Ireland says EU would respond positively to British move on Brexit
GARYVOE, Ireland (Reuters) - The European Union would respond positively if the British government shifts its position in Brexit talks in the coming weeks as the dangers of a no-deal exit become clearer, Ireland’s foreign minister said on Thursday.
The question of how to keep Ireland’s border with the British region of Northern Ireland open is the key sticking point in talks to secure an orderly British exit from the EU and avoid the economic disruption of no-deal exit on Oct. 31.

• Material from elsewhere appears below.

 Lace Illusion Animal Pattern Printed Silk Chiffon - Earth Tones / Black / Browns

To date the British government has offered “nothing that comes close” to what is needed to secure Irish and EU agreement, but British Prime Minister Boris Johnson has shown a “willingness to try and explore new approaches,” Ireland’s Foreign Minister Simon Coveney told reporters on Thursday.

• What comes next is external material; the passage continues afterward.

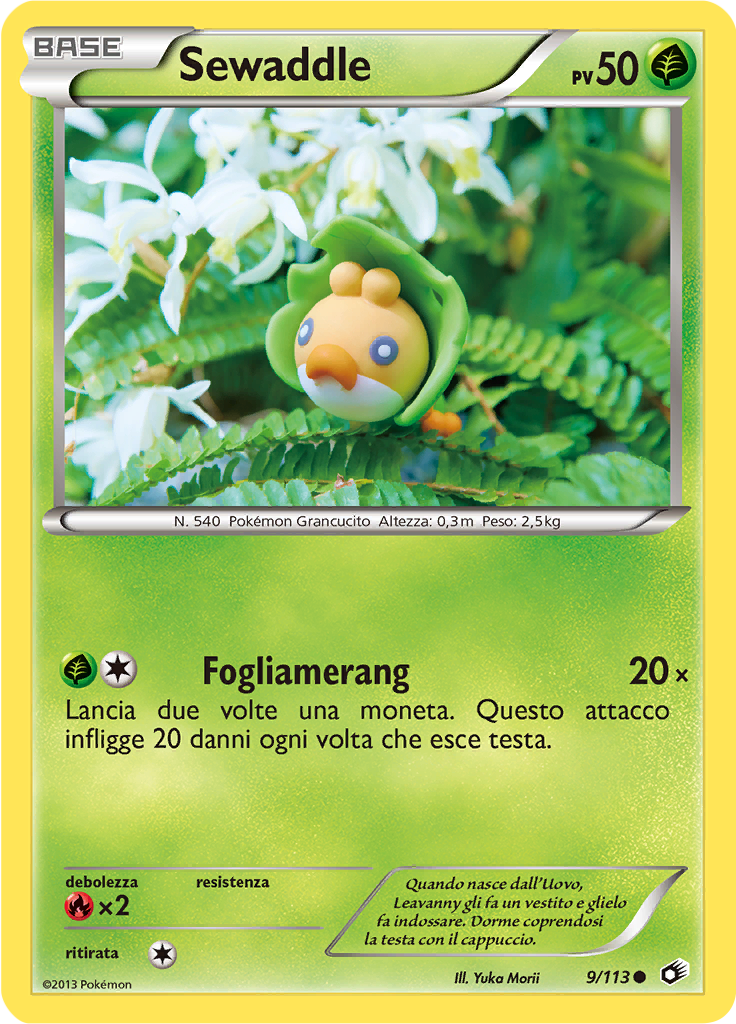Sewaddle 9/113 — Tesori Legendari (Italian Pokémon TCG card)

“As the discussion gets more real, and I hope more honest, I hope that will feed into the discussions that are now needed in the context of anything that can close the gaps,” said Coveney, speaking at an annual meeting of his Fine Gael party.
“We will respond positively if there are suggestions and new approaches that are based on realism in terms of what will actually work,” he added. “Let’s wait and see what the British government brings forward.”

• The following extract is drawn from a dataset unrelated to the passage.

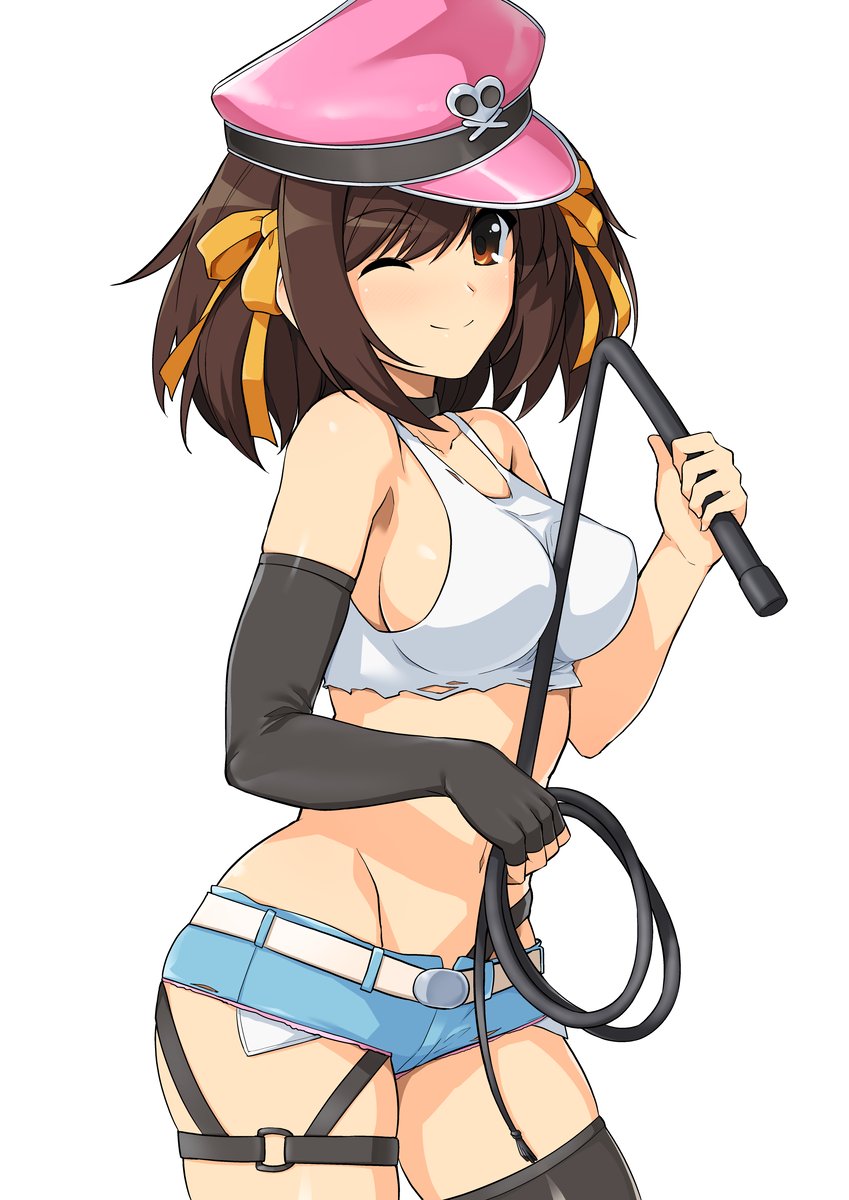 1girls, breasts, brown hair, clothing, female, haruhisky, hat, jean shorts, medium breasts, pink hat, short hair, shorts, smile, solo female, stockings, suzumiya haruhi, suzumiya haruhi no yuuutsu, tagme, whip, winking at viewer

Ireland’s preferred method of keeping the border open is via a “backstop” mechanism that would ensure that either Northern Ireland or all of the United Kingdom remains in regulatory alignment with the EU after Brexit.
Asked whether the Northern Ireland-only option was dead after the British government on Tuesday said it was not seeking it, Coveney said nothing had been taken off the table.
“Really this is a matter for the British government,” he said.
In parallel to the Brexit talks, the Irish government is negotiating with the European Commission about what checks it would have to impose on the border to protect the EU single market if the United Kingdom leaves without a deal.
Coveney said the talks were ongoing about imposing the “minimal level of checks that is credible”, away from the border. Such implementation would likely be imposed after Britain leaves, he added.
But the moves would be temporary as an agreement on keeping the border open would be a prerequisite to any talks on a trade deal between Britain and the EU.
“We don’t regard those checks that may be needed in a no-deal scenario as a permanent arrangement,” Coveney said. “Not by a long shot.”